-------- Data extract --------
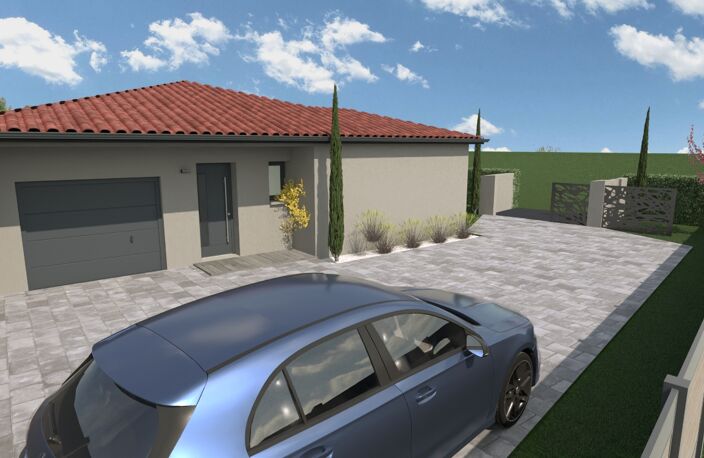 Vente maison à construire 118 m² Lentilly (69210) — photo 2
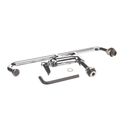 T&S Brass B-0156-EZ Easy Install Add-On Faucet With 12" Swing Nozzle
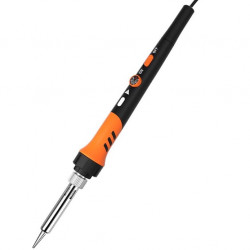 Pájecí pero JCD-908P 60W oranžové (200-480°C)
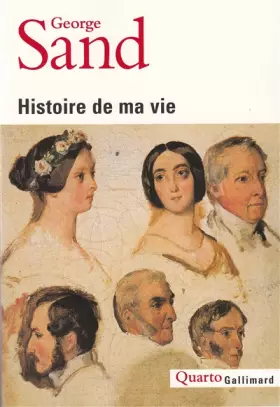 Couverture du produit · Histoire de ma vie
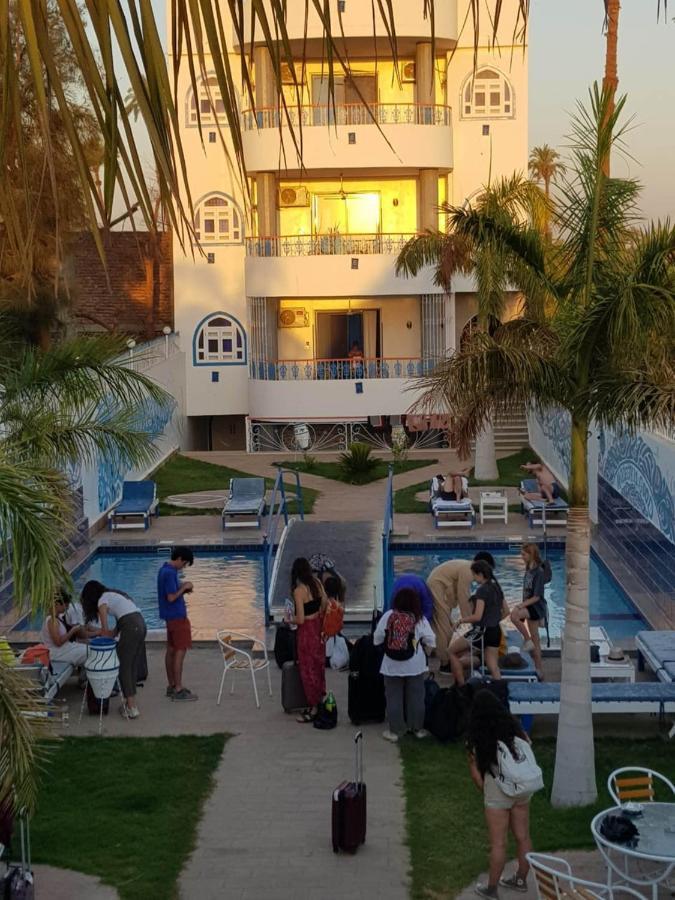 Moon Valley Apartments Luxor Esterno foto
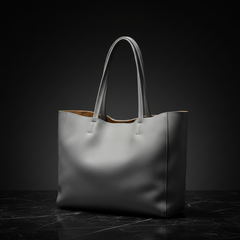 Carryall Genuine Leather Tote
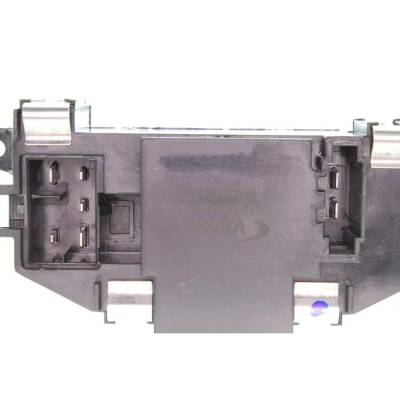 Rareelectrical - New Front Blower Control Module Compatible With Audi Volkswagen Q7 Base 6 Cyl 3.6L Jetta Sport 4 Cyl - Image 2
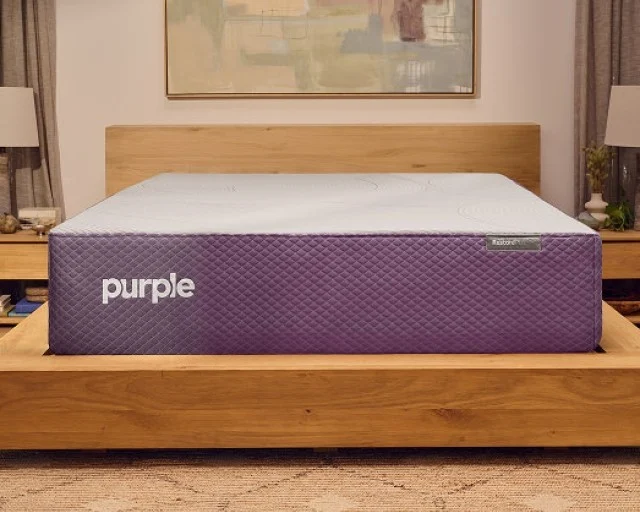 Purple Hybrid Flex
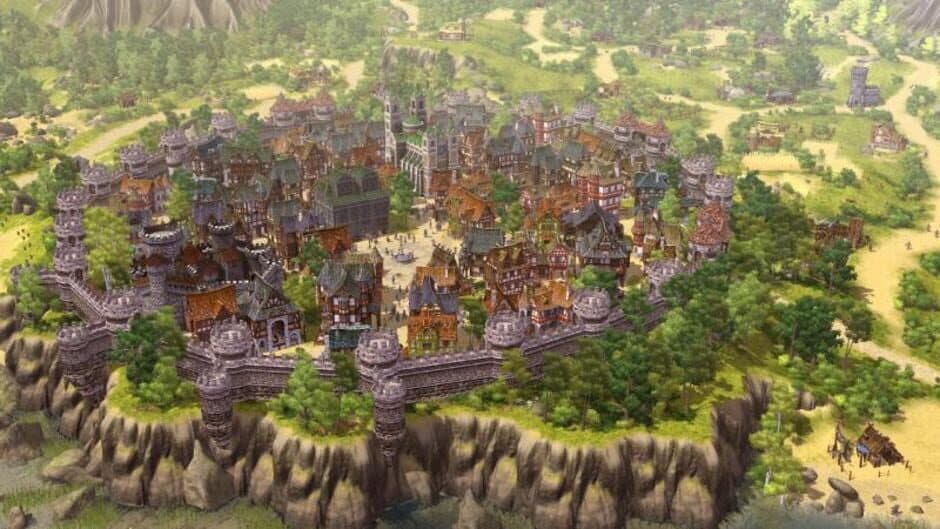 Скриншот 4 из The Settlers: Rise of an Empire - History Edition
--------
■ Problem to solve
Please output every record above exactly as written, leaving out the pictures.

■ Answer box
 Vente maison à construire 118 m² Lentilly (69210) — photo 2
 T&S Brass B-0156-EZ Easy Install Add-On Faucet With 12" Swing Nozzle
 Pájecí pero JCD-908P 60W oranžové (200-480°C)
 Couverture du produit · Histoire de ma vie
 Moon Valley Apartments Luxor Esterno foto
 Carryall Genuine Leather Tote
 Rareelectrical - New Front Blower Control Module Compatible With Audi Volkswagen Q7 Base 6 Cyl 3.6L Jetta Sport 4 Cyl - Image 2
 Purple Hybrid Flex
 Скриншот 4 из The Settlers: Rise of an Empire - History Edition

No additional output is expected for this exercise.